A Template for a Simple Parallel Program
Overview
Teaching: 0 min
Exercises: 0 minQuestions
What are the main sections of a simple parallel program?
Objectives
Provide a template for a simple parallel program.
Simple Parallel Programs
Simple Parallel Programs - Serial Program Outline
There are typical major sections of a serial computational program.
Part A. Initialization:
- Read input file(s)
- Setting up parameters / precompute some variables
Part B. Work:
- The heavy-lifting computation lies here
Part C. Reporting/saving results:
- Final summary computation
- Reporting results
- Saving output file(s)
Initial assumptions:
- Initiatlization and reporting are assumed to be lightweight (not consuming a lot of CPU cycles)
PROCESS_INPUT_DATA() #Part A: initialization
DO_WORK #Part B: Work
FINALIZE_AND_REPORT_RESULTS() #Part C: Reporting/saving results
Simple Parallel Programs - Parallel Program Outline
There are typical major sections of parallel programs.
Part A. Initialization:
- Reading input file(s)
- Setting up parameters / precompute some variables
- (new) Broadcast parameters to all workers
Part B. Problem decomposition
- Perform the decomposition on the master rank
- Distribute work domains to respective workers
- (Modification exercise for later: Change this so that every worker figures out its own work, so no need to use scatter operation to distribute work domains)
Part C. Parallel work (by all ranks)
- Do the work specified by problem decomposition. The results will be partial results
Part D. (new) Gather partial results back to the master rank
Part E. Reporting/saving results
- Final summary computation
- Reporting results
- Saving output file(s)
Part F. Gathering and reporting/saving final results (by all ranks + master rank)
The following is illustrates the simple parallel program template.

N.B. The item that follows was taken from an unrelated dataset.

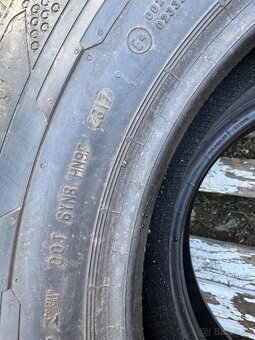 Letne pneu dodavkove 215/75 R 16 C - 3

It uses pseudo-code. Major actions shown in ALL_CAPITAL are pseudo-functions.
# Part A: Initialization
if rank == 0:
PROCESS_INPUT_DATA()
BROADCAST_COMMON_PARAMETERS()
if rank == 0:
# Part B: Problem decomposition
PROBLEM_DECOMPOSITION(num_domains=size)
for r in range(1, size):
SEND_WORK_TO_RANK(dest=r)
# rank 0 work assigned locally
else:
RECEIVE_WORK_FROM_RANK(source=0)
# Part C: parallel work
DO_WORK_IN_PARALLEL()
# Part D: Gather partial results
if rank == 0:
for r in range(1, size):
RECEIVE_RESULTS_FROM_RANK(source=r)
else:
SEND_RESULTS(dest=0)
# Part E and F
if rank == 0:
FINALIZE_AND_REPORT_RESULTS()
Figure: Rank 0 dedicated tasks shown in simple parallel template.
Before You Parallelize
Read the code! Identify parts of the code. What is/are the input/initialization for the data? What are the computations involved? What are the outputs of the code? Run the serial program, notice the overall timing. Which parts of the computation are most expensive?
- Basic: Use a pair of
time.time()
calls to measure the timing of a code section - Better: Use code profiler (python module
line_profiler
)
Which parts of the computation are most beneficial to parallelize first? Key: How must the data be distributed among workers to enable parallel processing (part of problem decomposition)? Recall that the parallel code requires extra parts mainly for coordinating work, data movement among workers, etc.
Key Points
Provide a commonly occurring template for a parallel (computational) program.
Identify additional pieces in a code as a result of parallelization.
Provide a common pattern & workflow of parallelization of a program.